#### Exercise materials
*** Begin section ***
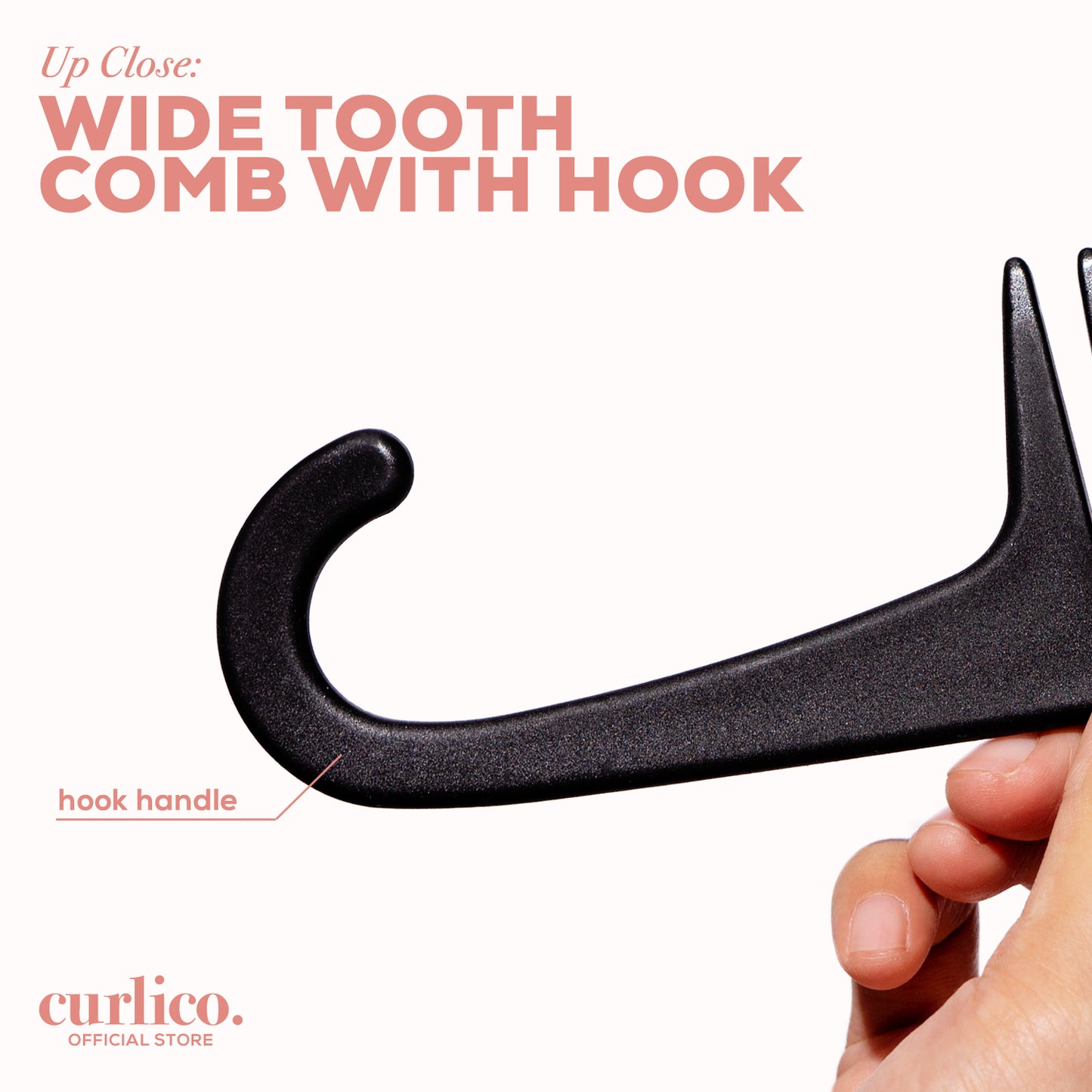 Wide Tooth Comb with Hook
*** End section ***
*** Begin section ***
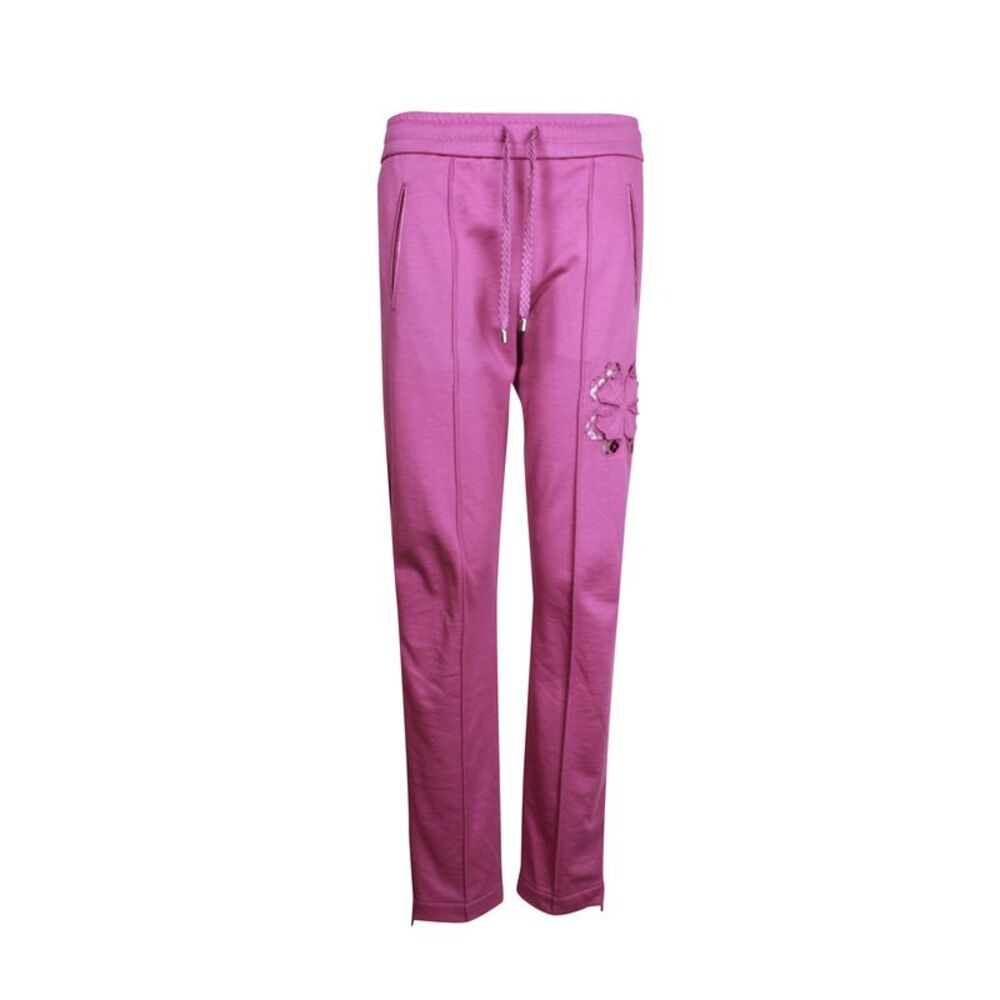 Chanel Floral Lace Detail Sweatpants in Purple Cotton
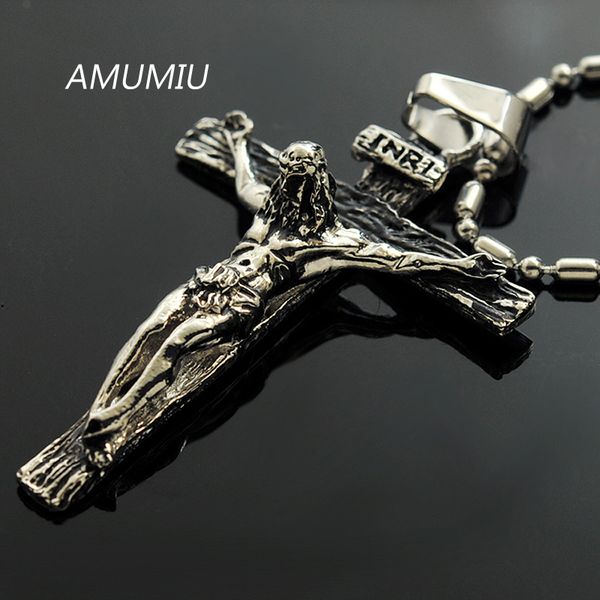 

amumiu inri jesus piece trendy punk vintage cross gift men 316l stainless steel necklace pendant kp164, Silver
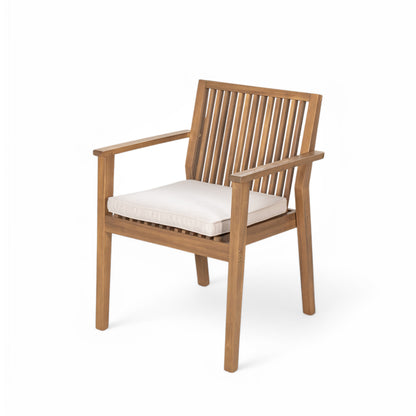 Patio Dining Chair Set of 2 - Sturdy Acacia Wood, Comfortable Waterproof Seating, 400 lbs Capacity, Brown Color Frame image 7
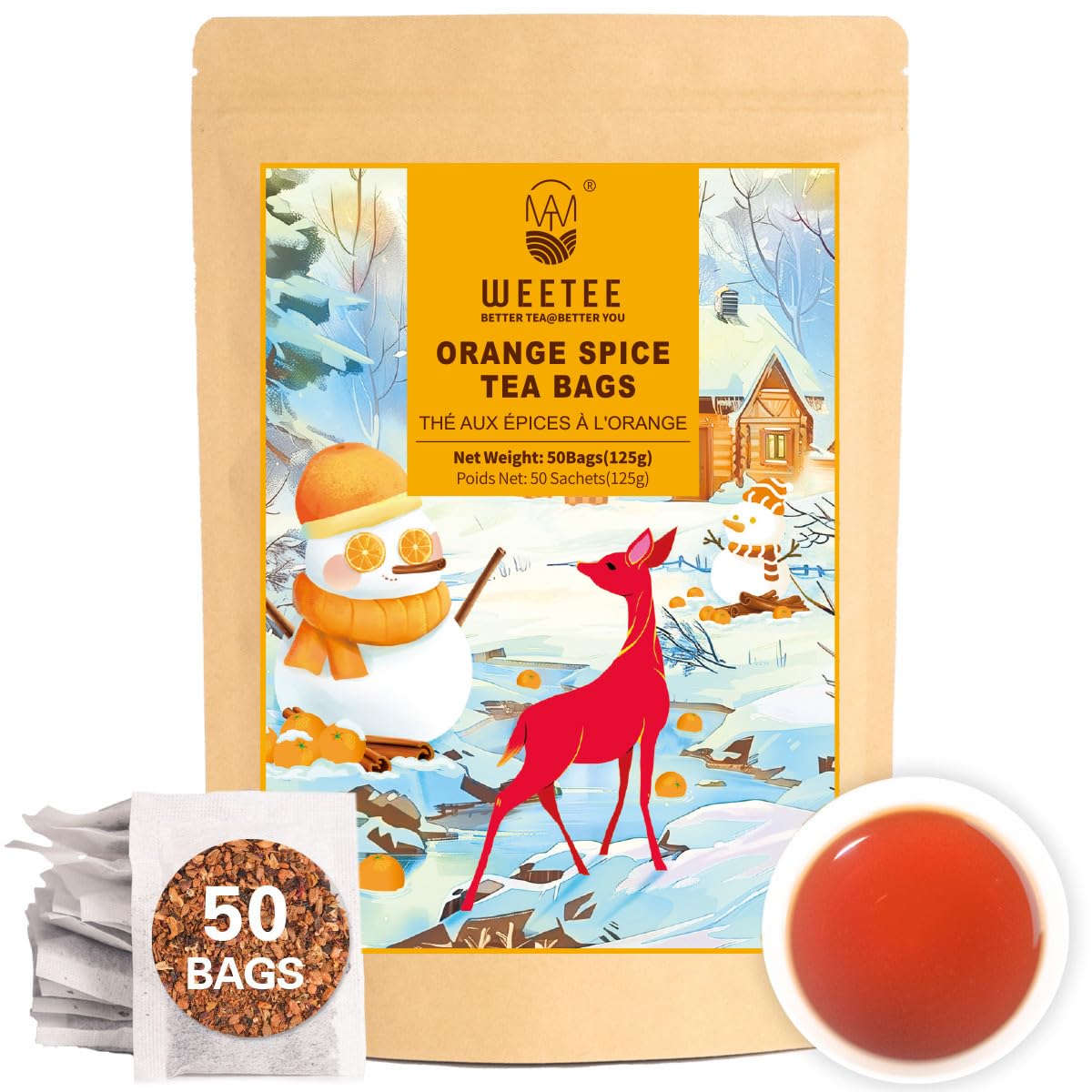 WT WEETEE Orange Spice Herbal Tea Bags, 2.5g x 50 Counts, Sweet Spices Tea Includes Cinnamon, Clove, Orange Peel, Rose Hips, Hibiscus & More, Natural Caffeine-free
*** End section ***
*** Begin section ***
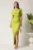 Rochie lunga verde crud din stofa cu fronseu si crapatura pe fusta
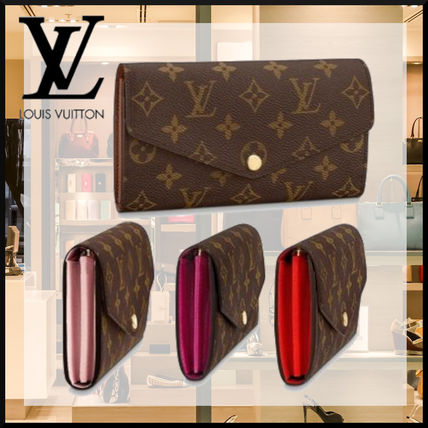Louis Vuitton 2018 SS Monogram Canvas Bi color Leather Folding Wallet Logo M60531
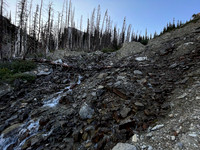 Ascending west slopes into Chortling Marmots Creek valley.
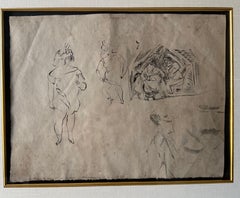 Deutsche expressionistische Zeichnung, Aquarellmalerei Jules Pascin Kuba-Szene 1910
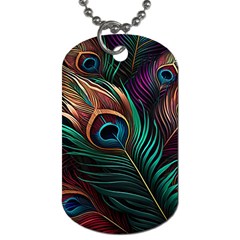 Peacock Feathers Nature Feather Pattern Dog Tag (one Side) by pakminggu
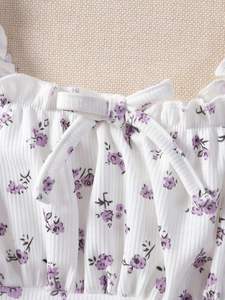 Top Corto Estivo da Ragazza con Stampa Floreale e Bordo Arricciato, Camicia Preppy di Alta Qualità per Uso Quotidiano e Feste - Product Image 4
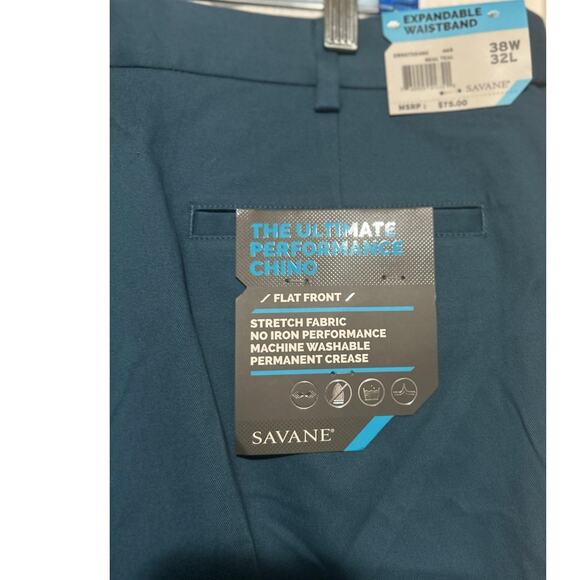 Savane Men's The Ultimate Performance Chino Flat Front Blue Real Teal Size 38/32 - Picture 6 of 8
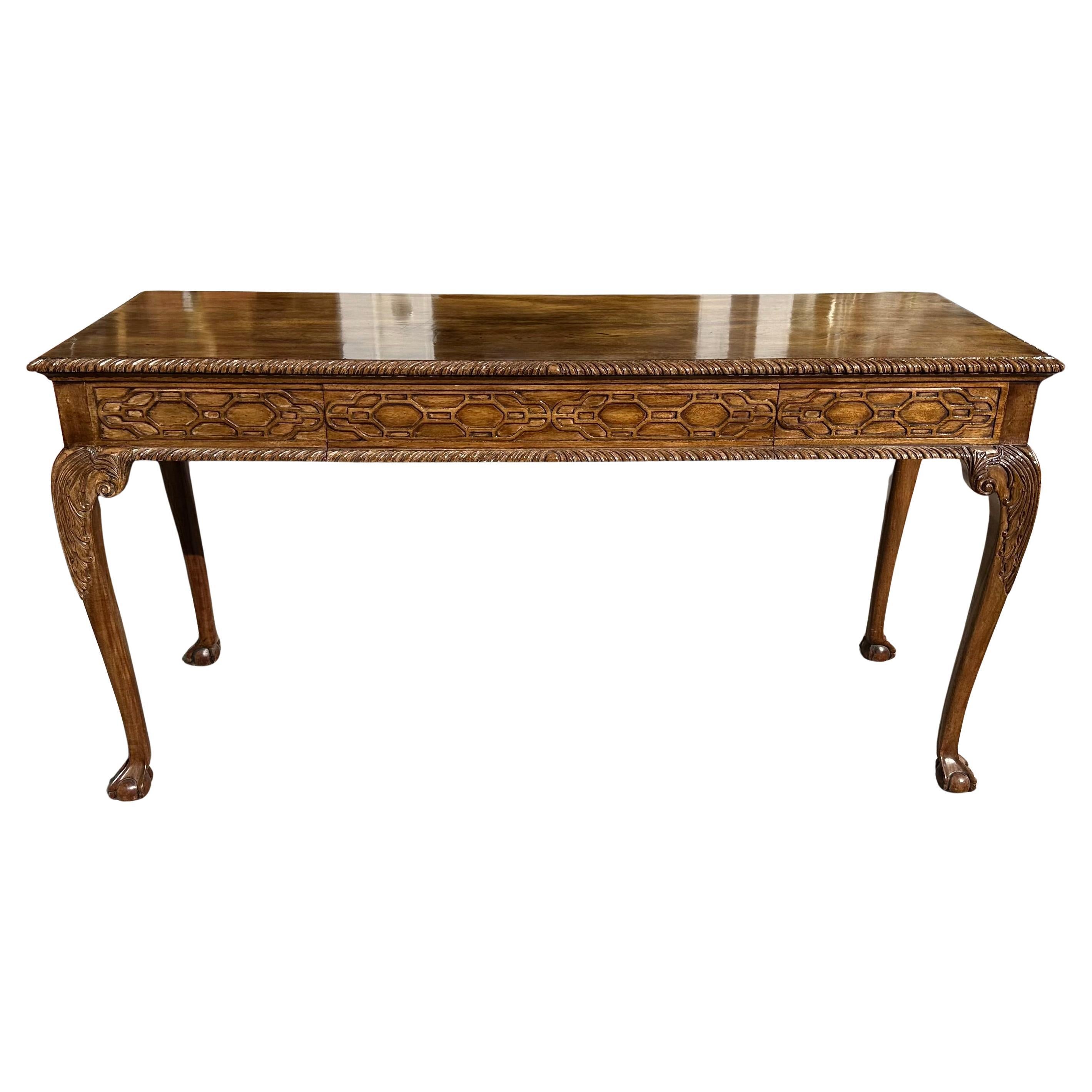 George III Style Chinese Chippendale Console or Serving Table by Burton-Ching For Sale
*** End section ***
#### Exercise
In the records above, find the line with "Top Corto Estivo" and the line with "Savane Men's The"; please transcribe exactly those two lines and all lines between them, omitting any picture.

#### Solution
 Top Corto Estivo da Ragazza con Stampa Floreale e Bordo Arricciato, Camicia Preppy di Alta Qualità per Uso Quotidiano e Feste - Product Image 4
 Savane Men's The Ultimate Performance Chino Flat Front Blue Real Teal Size 38/32 - Picture 6 of 8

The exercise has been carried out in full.